С Лидией Григорьевой, Лидочкой, Лидой, Ледой мы подружились на самой заре моей работы в «ЛГ». Как и полагается молодым, талантливым, подающим надежды и полностью зацикленным на своих стихах поэтам, она и ее муж Равиль Бухараев были запанибрата со словами и понятиями с приставками «без» и «бес»: бездомный, безденежный, безлошадный, безмерный, безустанный; а еще – беспечный, бесстрашный, беспримерный, бесподобный.

В те годы с нами, друзьями, случалось всякое: и пуд соли вместе ели, и пирожными, бывало, лакомились. Когда Лида в первый раз прочитала мне свое стихотворение «Лопухи», посвященное Марине Цветаевой, я запомнила его сразу же и безоговорочно. А когда, спустя годы, получила в подарок книгу «Сумасшедший садовник», поняла, что поэт Лидия Григорьева, как и героиня «Лопухов», тоже «вымахала» и тоже уехала «с хорошими стихами». Теперь она живет в Лондоне и… «воспитывает» свой сад цветов и поэзии, расцветший, правда, на английском холме.

– Лида, много лет назад Равиль подарил тебе хорошую профессиональную фотокамеру и, я полагаю, способствовал тому, что ты стала у нас, извини за выражение, очень знаменитой, сады твои стали еще более знаменитыми, постепенно у тебя сложилась стройная философская концепция – «фотопоэзия», а вскоре она и вовсе перешла в образ жизни. Как ты себя чувствуешь в роли родоначальника нового жанра?

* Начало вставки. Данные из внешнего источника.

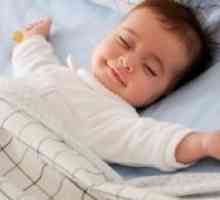 Kako bi beba spavati bez buđenja od tri mjeseca do jedne godine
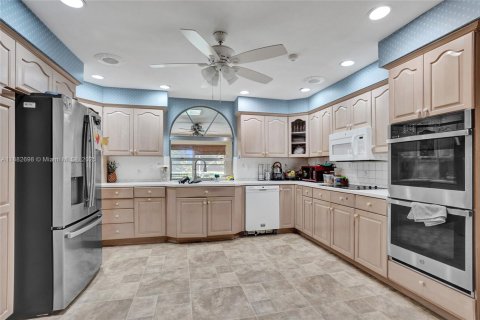 House in St. Lucie, Florida 4 bedrooms, 310.94 sq.m. № 1944073 - photo 16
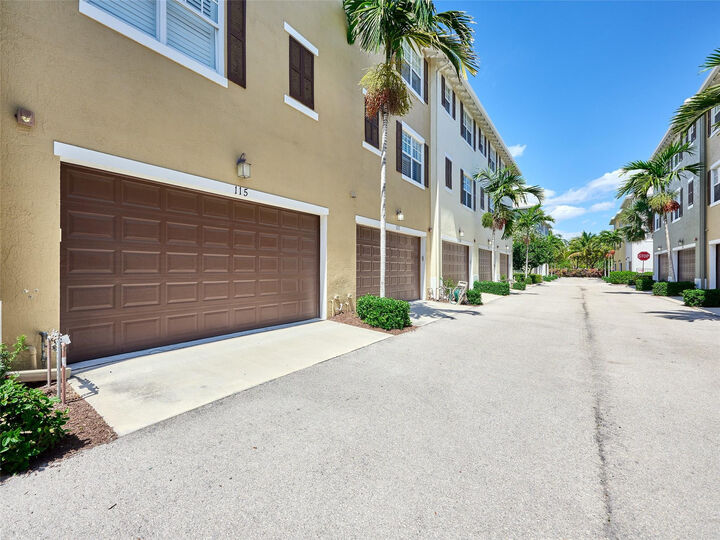 Property Photo:  115 E Coda Circle 115  FL 33444 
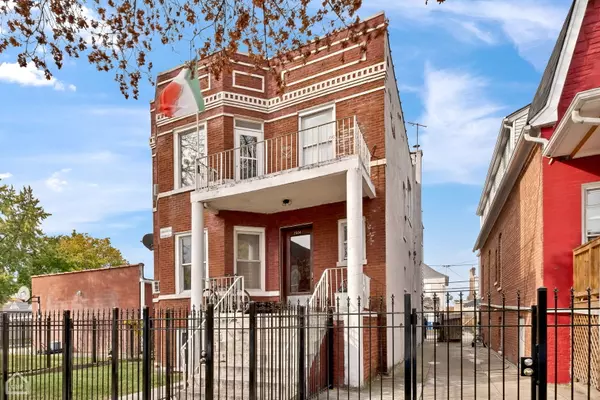2304 N Kenneth AVE, Chicago, IL 60639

– Знаешь, это – на уровне чуда. Я уже не могу пройти мимо сада без того, чтобы ко мне, скажу грубо, не прицепилась какая – нибудь строчка. Ну, абсолютно все, что происходит в саду, притом – видимом или невидимом, – все становится стихотворением. Вот, к примеру, вчера ночью мне пришла такая мысль: несмотря на все мои беды, после того, когда Господь как бы высадил меня в эту землю, я проросла, пробилась из нее, как пробивается растение сквозь асфальт, то есть – сквозь обстоятельства. Вот так я себя и ощущаю – как часть этого сада Божьего, с благодарностью невероятной. Ты видишь: он же крохотный, мой сад, из него ничего нельзя было бы извлечь, если бы не помощь сверху. Что можно, например, извлечь сейчас из этого крохотного кусочка земли, когда цветет он лишь наполовину? А я при этом едва успеваю записать влетающие в голову строчки.

Люди, которые у меня бывают, удивляются: а где «Это!»? А дело в том, что с садом – и так случилось в моей жизни – нужно жить круглый год и круглые сутки. И только тогда (у меня лично, я не знаю, как у других людей) возникает ощущение, что ты – часть этого сада, ты из него проросла. Почти каждое растение здесь это или новелла, или это стихотворение, или это мысль какая – то, из которой складывается фотоколлаж. А сейчас уже есть кинопоэма «Иерусалим сада моего». И мне нравится, что фотопоэзией обозначила все это не я. Однажды у меня была выставка в Казани, и в одной газете вышла статья – «Фотопоэзия Лидии Григорьевой». Молодой журналист восприняла выставку именно так. Я ей сказала: «Огромное спасибо. Корабль плыл себе безымянный, а Вы дали ему имя».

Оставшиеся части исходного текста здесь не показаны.